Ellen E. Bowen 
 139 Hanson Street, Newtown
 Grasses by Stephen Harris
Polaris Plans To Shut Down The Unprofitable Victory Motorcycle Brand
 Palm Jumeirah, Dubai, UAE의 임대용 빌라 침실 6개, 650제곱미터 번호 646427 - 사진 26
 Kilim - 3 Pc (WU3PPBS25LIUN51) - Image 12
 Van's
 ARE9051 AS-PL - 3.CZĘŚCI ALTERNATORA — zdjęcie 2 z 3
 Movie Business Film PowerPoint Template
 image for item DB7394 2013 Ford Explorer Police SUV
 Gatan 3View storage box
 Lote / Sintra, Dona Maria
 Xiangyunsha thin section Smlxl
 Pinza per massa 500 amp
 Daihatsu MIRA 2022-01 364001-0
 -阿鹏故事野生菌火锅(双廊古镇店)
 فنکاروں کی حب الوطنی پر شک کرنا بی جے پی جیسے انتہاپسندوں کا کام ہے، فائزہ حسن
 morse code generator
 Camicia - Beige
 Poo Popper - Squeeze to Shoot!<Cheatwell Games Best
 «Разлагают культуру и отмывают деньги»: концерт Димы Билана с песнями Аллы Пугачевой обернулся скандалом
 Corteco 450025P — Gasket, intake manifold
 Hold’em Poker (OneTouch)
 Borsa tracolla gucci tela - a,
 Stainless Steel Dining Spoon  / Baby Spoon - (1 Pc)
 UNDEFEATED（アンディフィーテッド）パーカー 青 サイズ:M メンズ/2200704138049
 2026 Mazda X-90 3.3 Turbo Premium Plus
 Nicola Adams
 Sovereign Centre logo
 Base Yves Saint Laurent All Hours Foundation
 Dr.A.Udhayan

########

→ EXERCISE AIM
All of the entries above need to be retyped exactly.

→ RESPONSE BELOW
Ellen E. Bowen 
 139 Hanson Street, Newtown
 Grasses by Stephen Harris
Polaris Plans To Shut Down The Unprofitable Victory Motorcycle Brand
 Palm Jumeirah, Dubai, UAE의 임대용 빌라 침실 6개, 650제곱미터 번호 646427 - 사진 26
 Kilim - 3 Pc (WU3PPBS25LIUN51) - Image 12
 Van's
 ARE9051 AS-PL - 3.CZĘŚCI ALTERNATORA — zdjęcie 2 z 3
 Movie Business Film PowerPoint Template
 image for item DB7394 2013 Ford Explorer Police SUV
 Gatan 3View storage box
 Lote / Sintra, Dona Maria
 Xiangyunsha thin section Smlxl
 Pinza per massa 500 amp
 Daihatsu MIRA 2022-01 364001-0
 -阿鹏故事野生菌火锅(双廊古镇店)
 فنکاروں کی حب الوطنی پر شک کرنا بی جے پی جیسے انتہاپسندوں کا کام ہے، فائزہ حسن
 morse code generator
 Camicia - Beige
 Poo Popper - Squeeze to Shoot!<Cheatwell Games Best
 «Разлагают культуру и отмывают деньги»: концерт Димы Билана с песнями Аллы Пугачевой обернулся скандалом
 Corteco 450025P — Gasket, intake manifold
 Hold’em Poker (OneTouch)
 Borsa tracolla gucci tela - a,
 Stainless Steel Dining Spoon  / Baby Spoon - (1 Pc)
 UNDEFEATED（アンディフィーテッド）パーカー 青 サイズ:M メンズ/2200704138049
 2026 Mazda X-90 3.3 Turbo Premium Plus
 Nicola Adams
 Sovereign Centre logo
 Base Yves Saint Laurent All Hours Foundation
 Dr.A.Udhayan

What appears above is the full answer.